The summit came just before today's vote in Germany's Bundestag to approve the new bailout plan for Greece.
- G20 rejects contribution to European bailout
- Fight over financial system pits Dodge against Carney
- Merkel torn by conflicting pressures in Greek vote
Fiera Sceptre in Natcan deal Fiera Sceptre Inc. and National Bank of Canada are reshaping the ranks of wealth managers.
Fiera today struck a deal to acquire National Bank's Natcan Investment Management for $309.5-million, while the bank gets 35 per cent of the newly merged business, with an option to go to 40 per cent.
"Our goal is to quickly become a major player in the ranks of North American asset managers," chief executive officer Jean-Guy Desjardins said in a statement. "Fiera will have approximately $54-billion in assets under management as a result of the transaction, vaulting our firm into the ranks of the largest independent asset managers in Canada."
Fiera, controlled by Mr.
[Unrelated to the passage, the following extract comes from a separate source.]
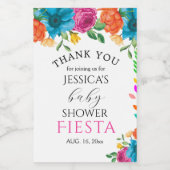 Baby shower Fiesta Floral Mini Wijnflesje Etiket (Enkel label)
Desjardins, said the deal will put it in the top five of Canadian independent asset managers.
"The transaction fits perfectly with our plan of developing key partnerships in order to grow our reach in selected areas of our wealth management business," said Luc Paiement, the executive vice-president for wealth management at National Bank. "It also helps us keep focused on our own core business of growing our advice-based distribution capabilities, which is one of our strategic priorities."
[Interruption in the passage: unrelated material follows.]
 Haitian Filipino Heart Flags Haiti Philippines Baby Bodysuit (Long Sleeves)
Enbridge chief to retire Canada's Enbridge Inc. is getting a new CEO.
The giant energy transporter announced today that Patrick Daniel, who joined the company in 1982 and has been CEO for more than a decade, is retiring this year.
Mr. Daniel will remain CEO until he leaves by the end of 2012, but the board appointed to the president's job Al Monaco, who heads the gas pipelines unit and has been with the company since 1995.
"As a board, we place very high priority on succession planning and on developing people to ensure the company's continuing success," said chairman David Arledge.
"Enbridge has an outstanding management team; choosing one individual to lead was not an easy decision. Over his 30 years of experience in the energy industry, Al Monaco has demonstrated exceptional leadership capabilities across the range of Enbridge's businesses."
The company pointed out that its share price has increased by 250 per cent under Mr. Daniel.
Who is Buffett's heir? The billion-dollar question floating through markets today is this: Who has Warren Buffett tapped to succeed him at the helm of Berkshire Hathaway Inc. ?
In his weekend letter to shareholders, a widely-watched, annual document, Mr. Buffett said he has a candidate and two backups. But he didn't name them, which appears to have caused some angst as the legendary investor gets on in years.
"Berkshire Hathaway is 100 per cent the product of Warren Buffett's genius," Philip Anthony Quinet, long-time investor, told The Wall Street Journal. "I know the board is comfortable with [his successor] but why can't loyal shareholders know who he is, too?"
It's not like he's leaving or anything like that - indeed, in his letter he said he's not going anywhere - but he did try to calm the waters, though with little apparent success.
Trial delayed BP PLC and the parties in a civil trial are scrambling to reach a settlement related to the massive oil spill in the Gulf of Mexico in 2010.
The trial had been scheduled to begin today, but both BP and the lawyers for the plaintiffs said in a statement yesterday that the court agreed to delay it by a week to allow the company and the plaintiffs' steering committee, or PSC, more time to strike a deal.
"BP and the PSC are working to reach agreement to fairly compensate people and businesses affected by the Deepwater Horizon accident and oil spill," they said. "There can be no assurance that these discussions will lead to a settlement agreement."